Reproduce the listing below character for character; drop every image.
================
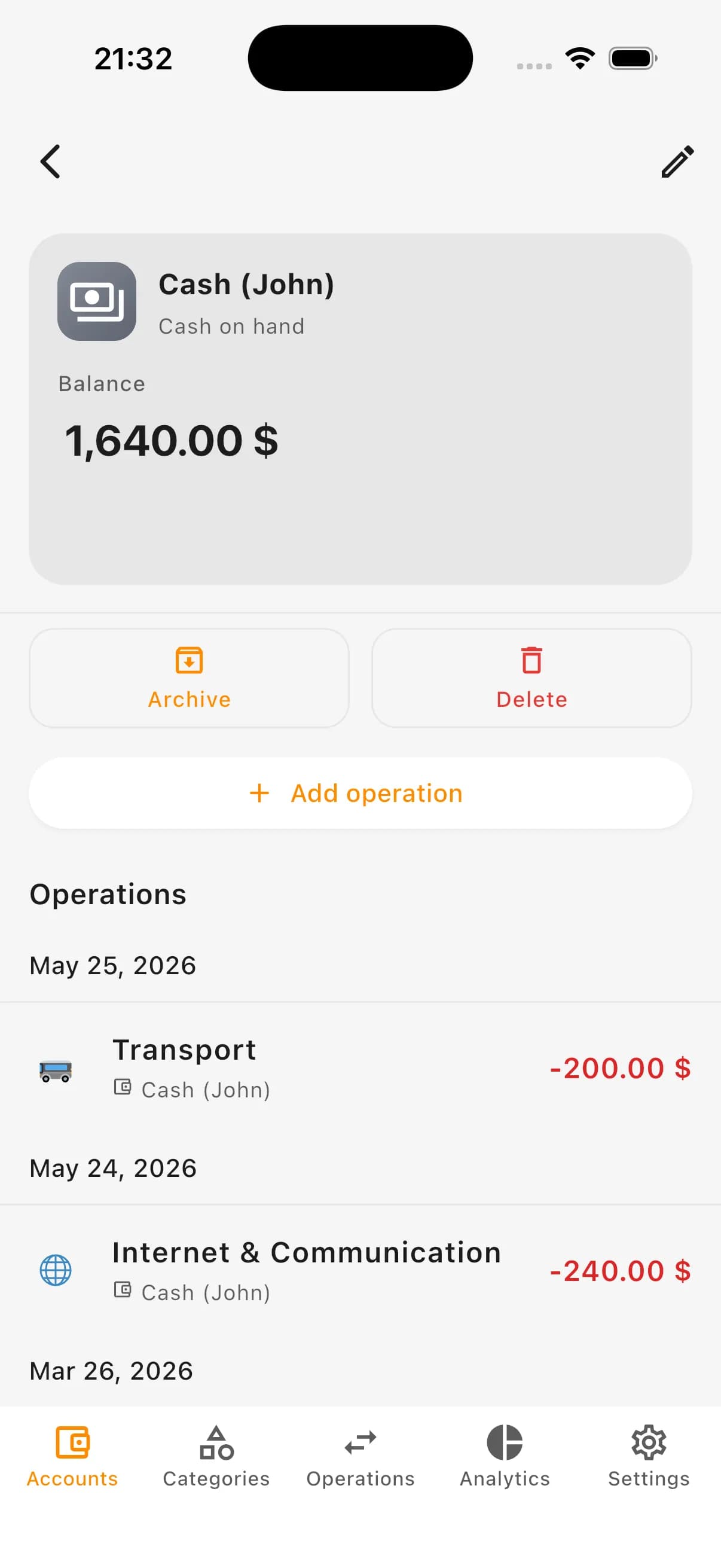 Écran du compte Kiso Money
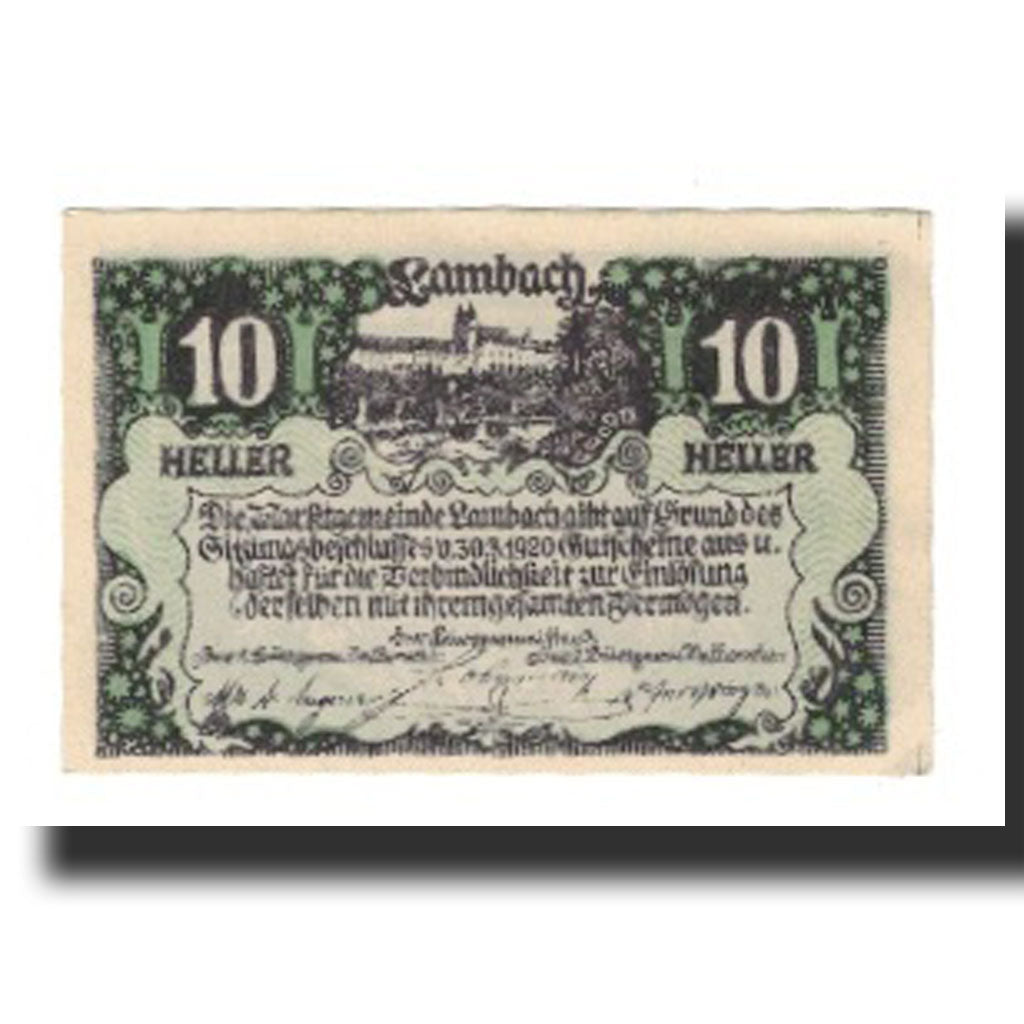 Banconote, Austria, Lambach, 10 Heller, Texte, 1920, 1920-12-31, FDS, Mehl:FS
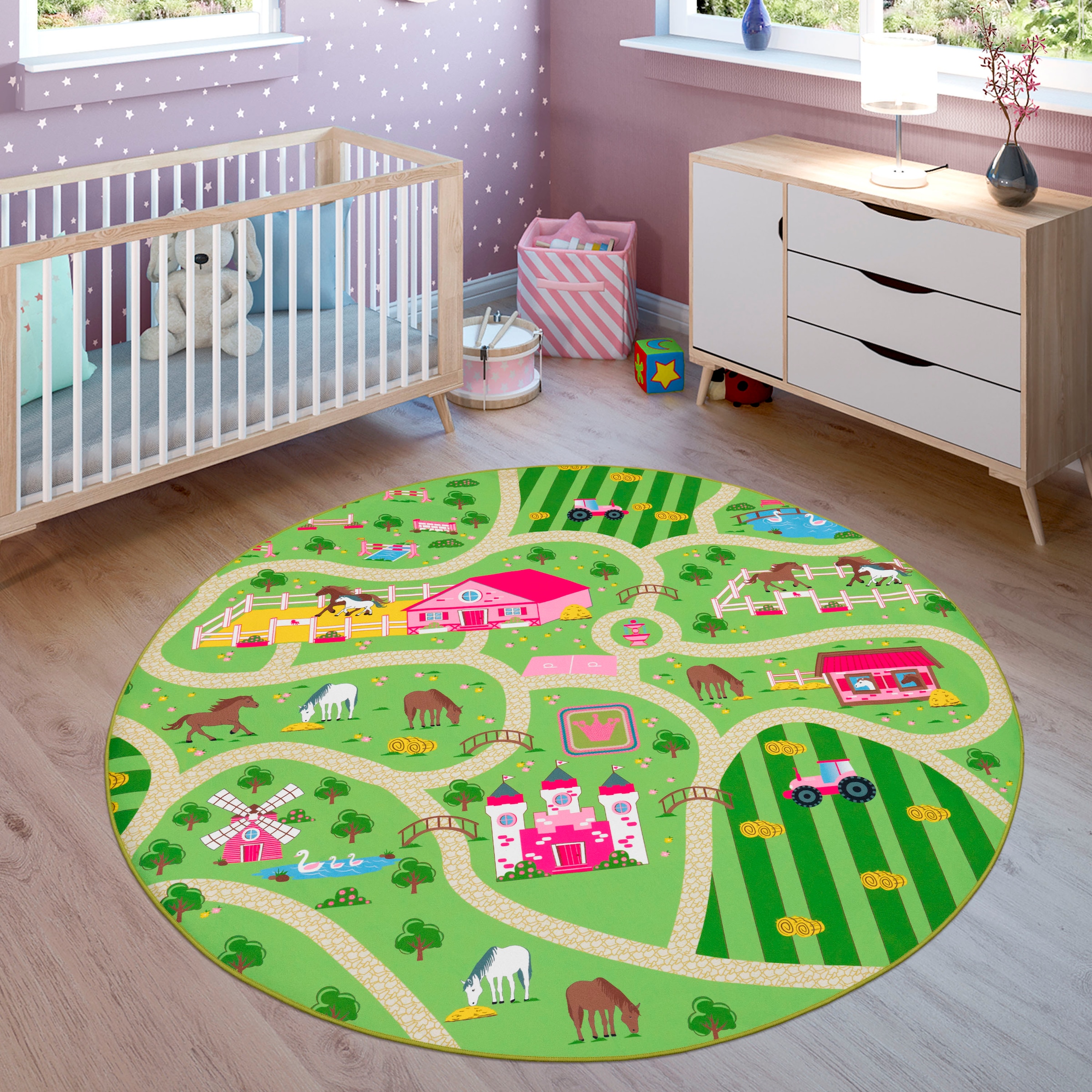 Paco Home Kinderteppich "Bino 560", rund, 4 mm Höhe, Kurzflor, Straßen-Spiel-Teppich, Motiv Bauernhof, Kinderzimmer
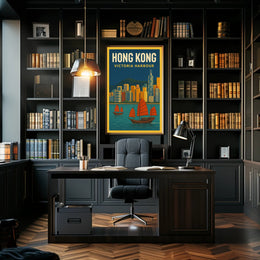 Hong Kong Victoria Harbour Iconic Travel Artwork Poster PosterGoat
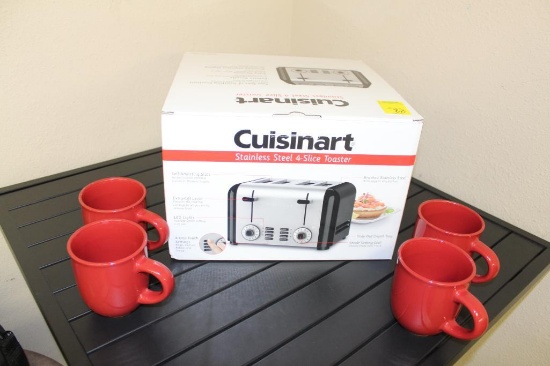 Cuisinart 4 slice toaster, (4) coffee cup set, Donated by WC-CEO Student Elizabeth Thompson,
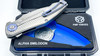 PMP Knives Alpha Smildon (PMP042) 3.75" Grey Stonewashed M390 Clip Point Plain Blade, Grey Titanium Handle w/ Blue Accents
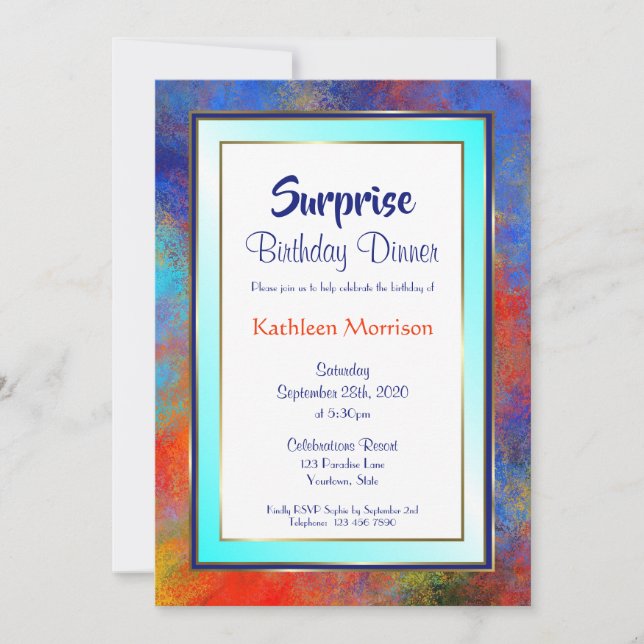 Invitation Blue Gold Aquarelle Surprise Anniversaire Dîner (Devant)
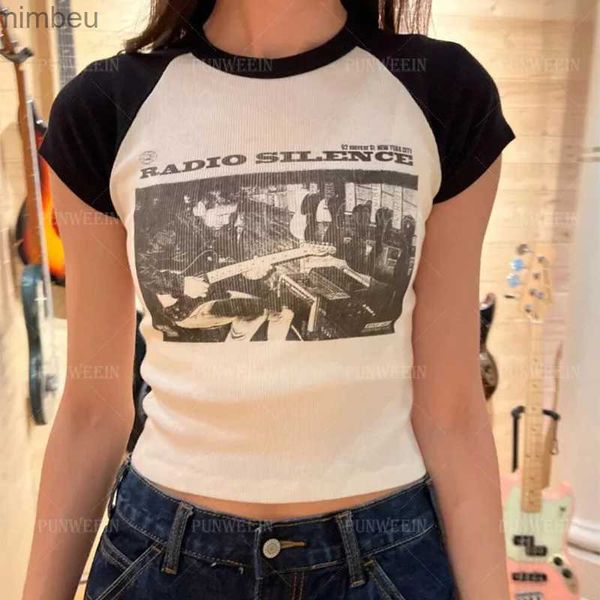 T-shirt Femme Esthétique Summer Baby Tee Streetwear Goth T-shirt à manches courtes Femmes Épissage Vintage Crop Tops Sexy Rock Band 2000s Y2K vêtements L240201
================
Response to this exercise:
 Écran du compte Kiso Money
 Banconote, Austria, Lambach, 10 Heller, Texte, 1920, 1920-12-31, FDS, Mehl:FS
 Paco Home Kinderteppich "Bino 560", rund, 4 mm Höhe, Kurzflor, Straßen-Spiel-Teppich, Motiv Bauernhof, Kinderzimmer
 Hong Kong Victoria Harbour Iconic Travel Artwork Poster PosterGoat
 Cuisinart 4 slice toaster, (4) coffee cup set, Donated by WC-CEO Student Elizabeth Thompson,
 PMP Knives Alpha Smildon (PMP042) 3.75" Grey Stonewashed M390 Clip Point Plain Blade, Grey Titanium Handle w/ Blue Accents
 Invitation Blue Gold Aquarelle Surprise Anniversaire Dîner (Devant)
 T-shirt Femme Esthétique Summer Baby Tee Streetwear Goth T-shirt à manches courtes Femmes Épissage Vintage Crop Tops Sexy Rock Band 2000s Y2K vêtements L240201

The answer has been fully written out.